IMO, use the equipment you feel like you have enough control in, and your confidence will improve. HOWEVER, I also think that you should do more round pen work in the snaffle working on stop. Stop means STOP NOW and if you don't get it, the horse needs to back up to the place where you first asked for the halt. With my boy, that can be anywhere from half a stride to halfway down the school, depending on how he's feeling, the speed we're going, and what bit I'm using. The important part is that I do demand the stop, and I do get it (regardless of how much force it takes - and a suggestion, don't use constant pressure, check and release), and that my horse backs up to the place where I originally asked for the halt.


----------



## mypets (Mar 2, 2012)

Oh boy do I know what you are going through! It's been almost a year since I got thrown and broke a bunch of ribs and collapsed my lung. I got rid of that horse (found her a good home) and bought an older gelding. I still have my old tried and true trail horse mare but I'm reluctant to even get on her. The fear is always there. But I did get on her this week and rode her for a bit around my yard with my hubby there. She was just as she always was but I'm still nervous. I can feel myself getting all tensed up even though she doesn't do anything bad. I made the decision today to take lessons to help boost my confidence. I want to get back to being the rider I used to be but I find myself pulling out all kinds of excuses not to ride, ya know?


----------



## Palomine (Oct 30, 2010)

How funny this should be here. I am going through same thing. 56, been riding all my life except for last couple of years, and now I am hesitant about riding? AND just bought a new horse last summer too.
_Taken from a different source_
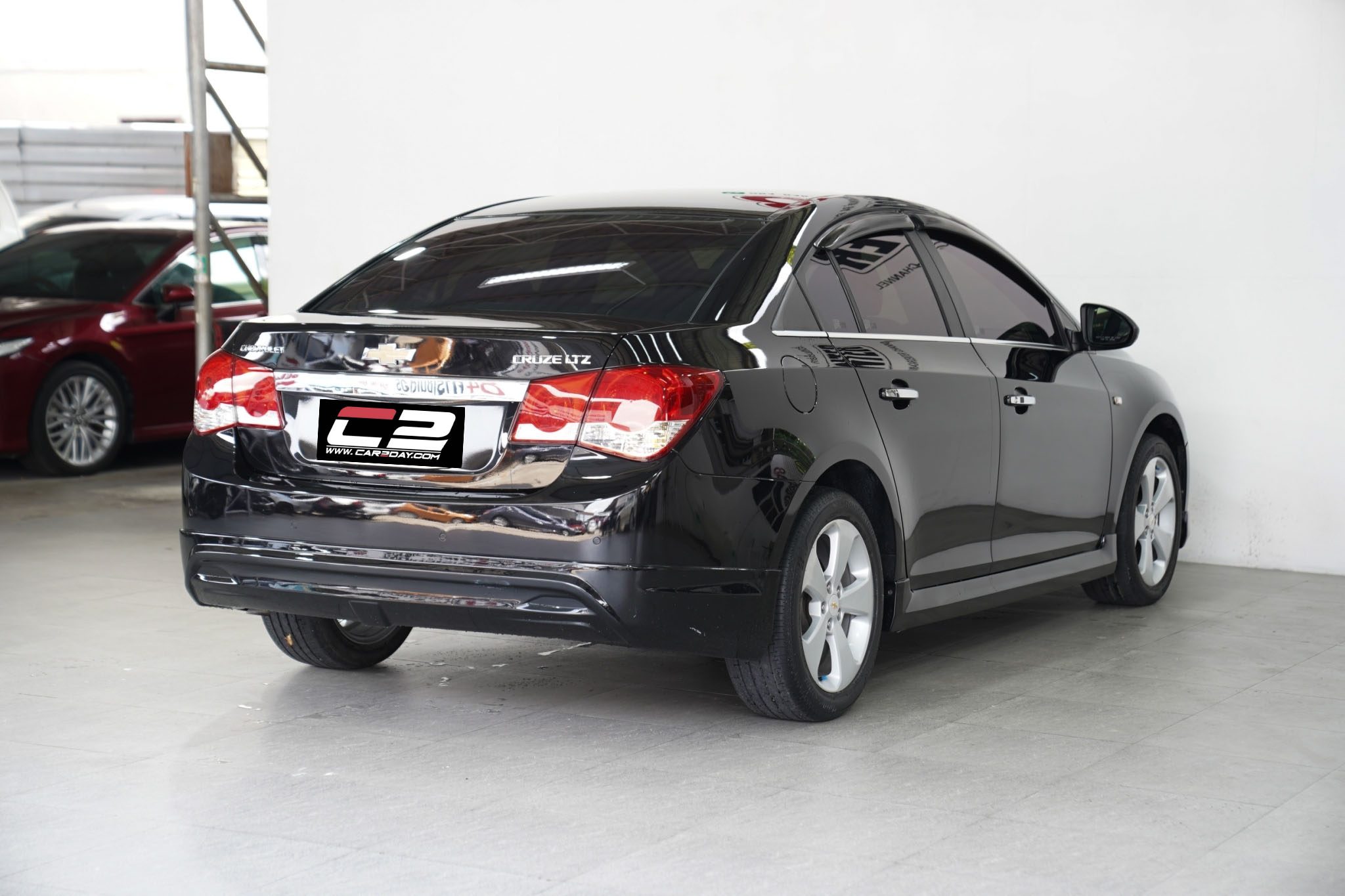 CHAVROLET CRUZE 1.8 LTZ AT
But all you hear/read and know about is the donts, and the be carefuls and the such and such happened to so and so, and in the end? It makes you more worried, if not outright terrified to ride at all. All of the constant "get a helmet" gets to you after a while too, or it has me.

The more you do ride though, the better you will feel I think.


----------



## Cacowgirl (Feb 19, 2011)

I have 2 really good horses, but since I have not ridden alone for the last few years ( & if I did-it wasn't problem-free) I now have to wait for a trail buddy. Too bad DH won't ride, but he's into things w/wheels & motors. I'm in a totally new environment & lots of areas don't even have street signs,so I don't feel comfortable out alone & I guess the snakes will be coming out soon, too. 

But please don't call yourseslf a coward, you are into self-preservation & w/better weather coming, you'll probably be spending more time w/your horse soon. We're getting wind right now & rain & snow is on the way-I hope that will be the last snow of the season.


----------



## sjwrightauthor (Feb 5, 2012)

My hubby prefers four wheels as well, but I am trying to turn him into a horse person. Not an easy task.....lol


----------



## mypets (Mar 2, 2012)

Please don't call yourself a coward, you aren't that at all. Sometimes it just takes a while to get over your fear so take all the time you need to work it out. And don't let anyone push you into doing anything you don't feel ready for.


----------



## sjwrightauthor (Feb 5, 2012)

Thanks, mypets.


----------



## sjwrightauthor (Feb 5, 2012)

I am going back up in the saddle later this morning. Hopefully all will go well.


----------



## Skyseternalangel (Jul 23, 2011)

sjwrightauthor said:


> I am going back up in the saddle later this morning. Hopefully all will go well.


You definitely aren't a coward! But I highly recommend lessons  With or without your boy a part of them, that will help with confidence!


----------



## sjwrightauthor (Feb 5, 2012)

Once I get Mission moved to his new barn, I can bring in the trainer that I like. This morning I'm heading over to break the news that we're leaving our current barn, and I also plan on riding for a while in the round pen. If I can keep him from eating the tall grass growing in there.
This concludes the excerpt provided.